* _WHAT THE TASK REQUIRES_
Return the line that has "Business Property for" and all lines below it through the last, exactly as they stand; omit pictures.

* _Brief descriptive captions_
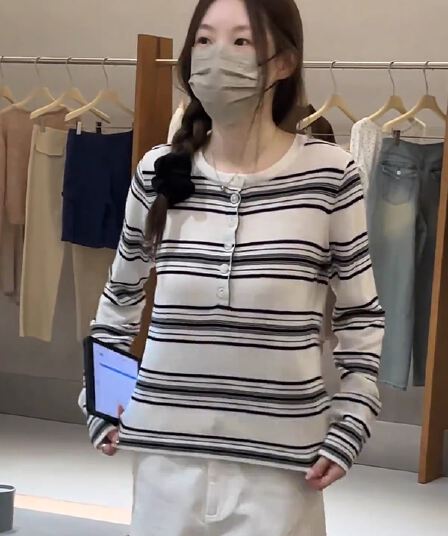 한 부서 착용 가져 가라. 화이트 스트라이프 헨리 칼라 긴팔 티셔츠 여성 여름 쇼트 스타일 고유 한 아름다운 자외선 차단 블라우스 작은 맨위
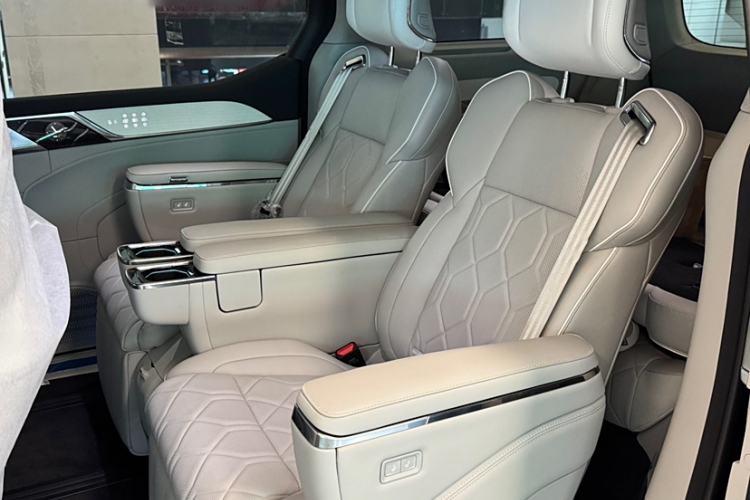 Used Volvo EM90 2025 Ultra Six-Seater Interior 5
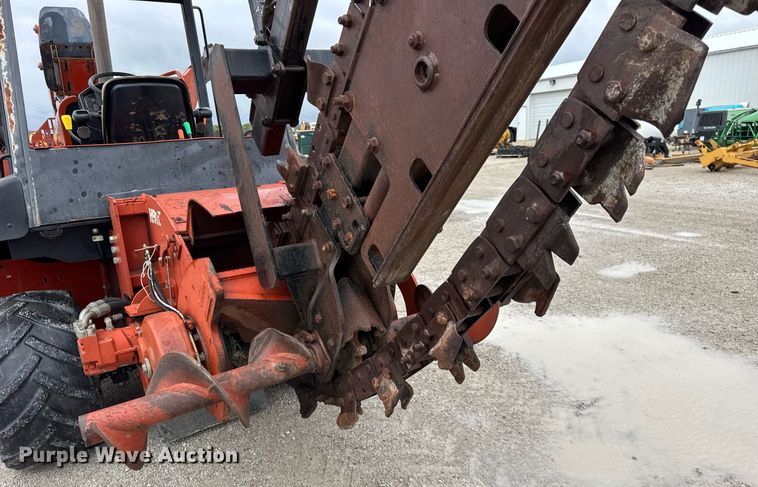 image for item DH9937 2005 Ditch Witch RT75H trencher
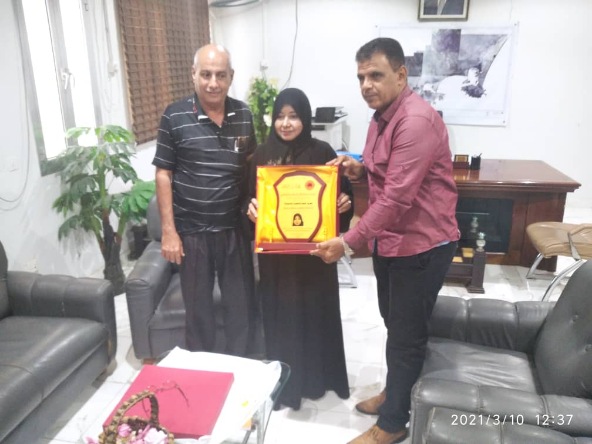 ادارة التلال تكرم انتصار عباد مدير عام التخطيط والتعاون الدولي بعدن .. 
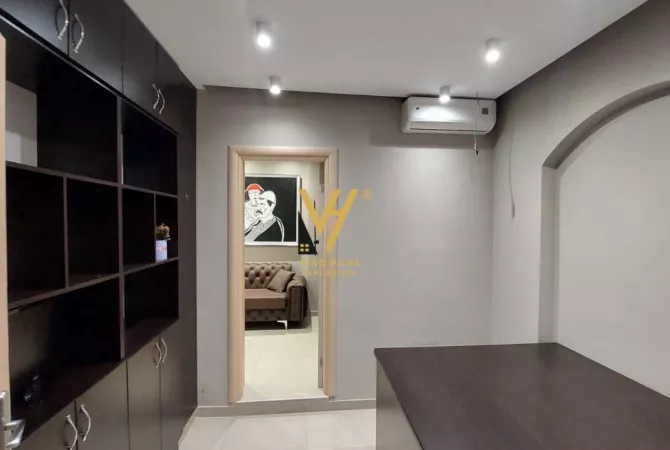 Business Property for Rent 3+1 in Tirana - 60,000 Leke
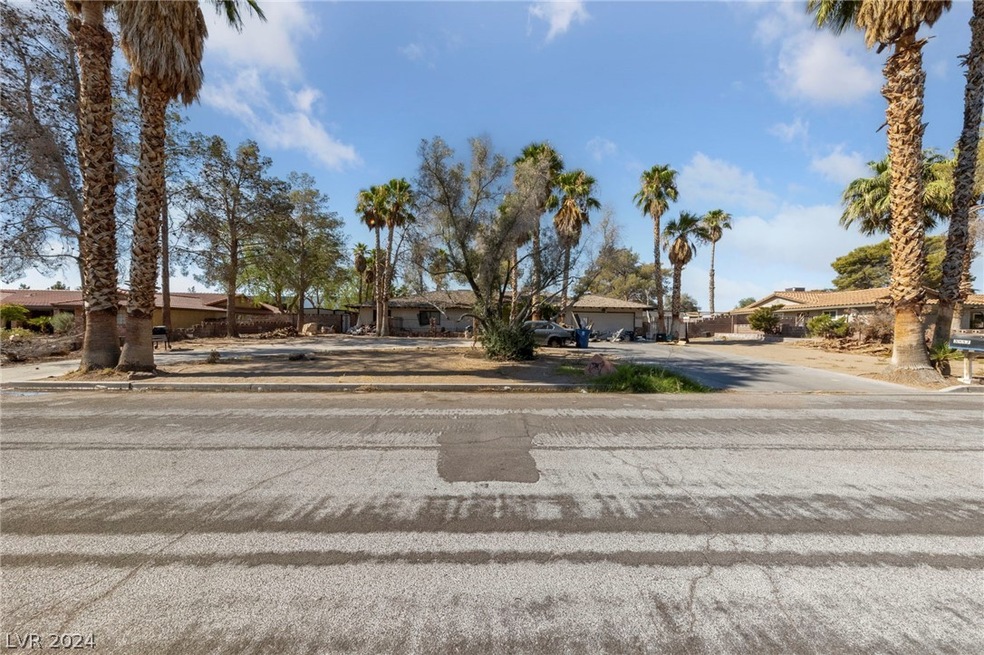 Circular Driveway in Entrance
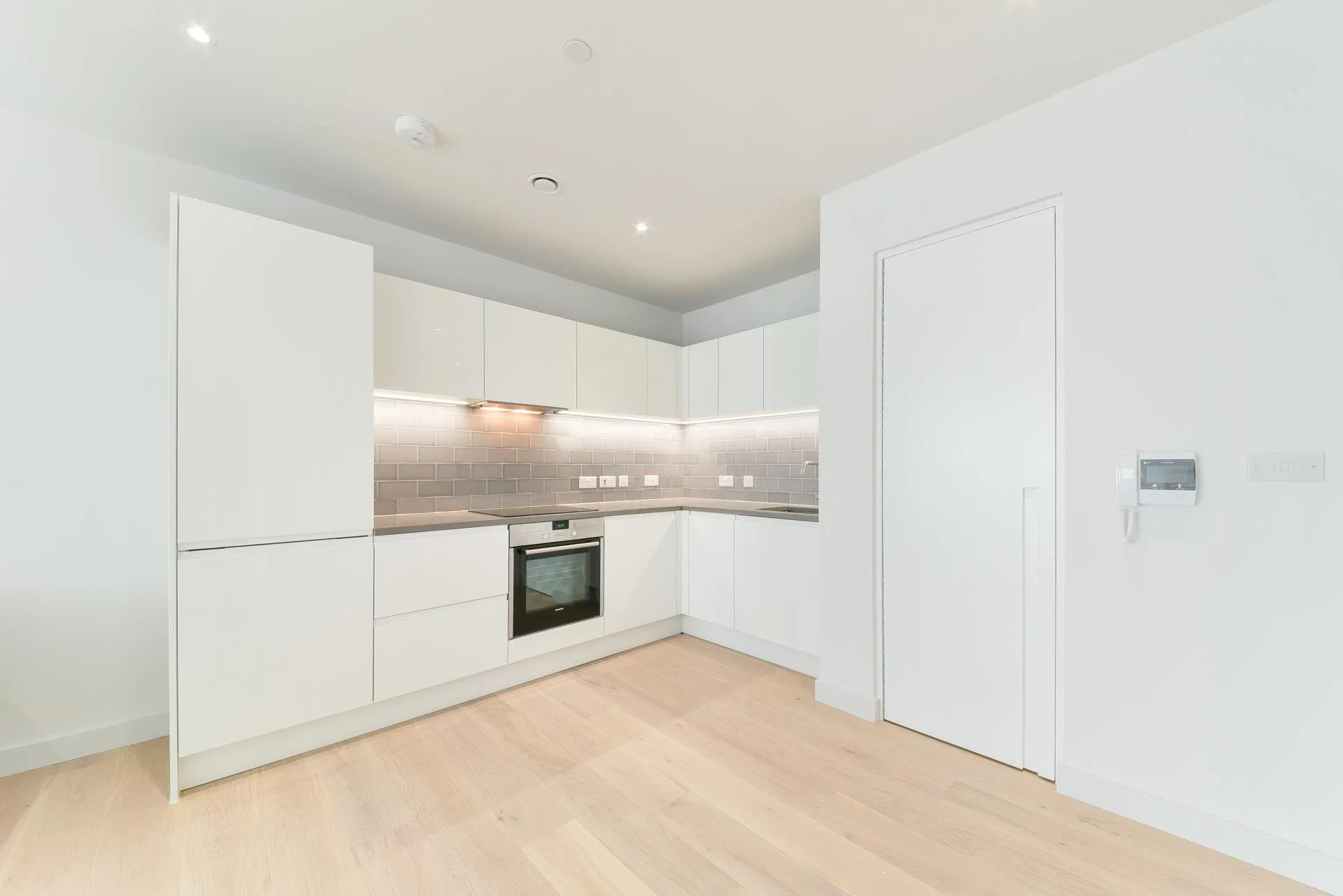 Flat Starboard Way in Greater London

* _ANSWER SPACE_
 Business Property for Rent 3+1 in Tirana - 60,000 Leke
 Circular Driveway in Entrance
 Flat Starboard Way in Greater London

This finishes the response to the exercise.